Western HR Prizes, the other side of the coin of supporting MKO terrorists

Secretary of Iran’s Human Rights Council Mohammad Javad Larijani rapped the West’s double-standard policies and stances on human rights issues, saying that western states shelter terrorist groups like the anti-Iran terrorist Mojahedin-e Khalq Organization (MKO) and award them in the name of defending human rights.

"Our people are familiar with the West’s discriminatory and hostile attitude towards the Islamic Republic of Iran," Larijani said in a meeting with Head of Iran-Germany Parliamentary Friendship Group Bijan Jirsarayee in Tehran on Wednesday.

Larijani rapped the double-standard polices and behavior of the western states towards the human rights issues in Iran.

On one hand, the western states shelter and support terrorist groups like the MKO (also known as the MEK, NCR and PMOI) and the PJAK terrorist group and cooperate with the US in imposing unilateral sanctions against Iran which have inflicted great losses on the Iranian people and is a blatant violation of human rights, and on the other hand, they suddenly emerge as advocates of human rights and grant awards to culprits in Iran as if they are defenders of human rights, he added.

The European Parliament announced that this year’s winners of the Sakharov Prize for Freedom of Thought are two Iranian culprits, lawyer Nasrin Sotoudeh and film director Jafar Panahi. Sotoudeh is now imprisoned in Iran for security crimes and Panahi is a fugitive living outside Iran.

Also after the EU delisted the MKO from its list of foreign terrorist organizations, the US in September 2012 adopted the same measure. The decision made by Secretary of State Hillary Clinton enabled the group to have its assets under US jurisdiction unfrozen and do business with American entities, the State Department said in a statement at the time.

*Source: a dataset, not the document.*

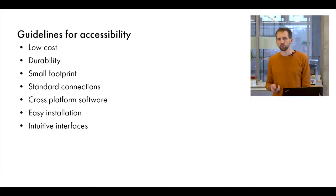We defined our guidelines for accessibility to be: low cost, durability, small footprint, standard connections, cross-platform software, and easily installed and intuitive interfaces.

Before an overture by the EU, the MKO was on the European Union’s list of terrorist organizations subject to an EU-wide assets freeze. Yet, the MKO puppet leader, Maryam Rajavi, who has residency in France, regularly visited Brussels and despite the ban enjoyed full freedom in Europe.

The MKO is behind a slew of assassinations and bombings inside Iran, a number of EU parliamentarians said in a recent letter in which they slammed a British court decision to remove the MKO from the British terror list. The EU officials also added that the group has no public support within Iran because of their role in helping Saddam Hussein in the Iraqi imposed war on Iran (1980-1988).

Many of the MKO members abandoned the terrorist organization while most of those still remaining in the grouplet are said to be willing to quit but are under pressure and torture not to do so.

A May 2005 Human Rights Watch report accused the MKO of running prison camps in Iraq and committing human rights violations.

According to the Human Rights Watch report, the outlawed group puts defectors under torture and jail terms.

The group, founded in the 1960s, blended elements of Islamism and Stalinism and participated in the overthrow of the US-backed Shah of Iran in 1979. Ahead of the revolution, the MKO conducted attacks and assassinations against both Iranian and Western targets.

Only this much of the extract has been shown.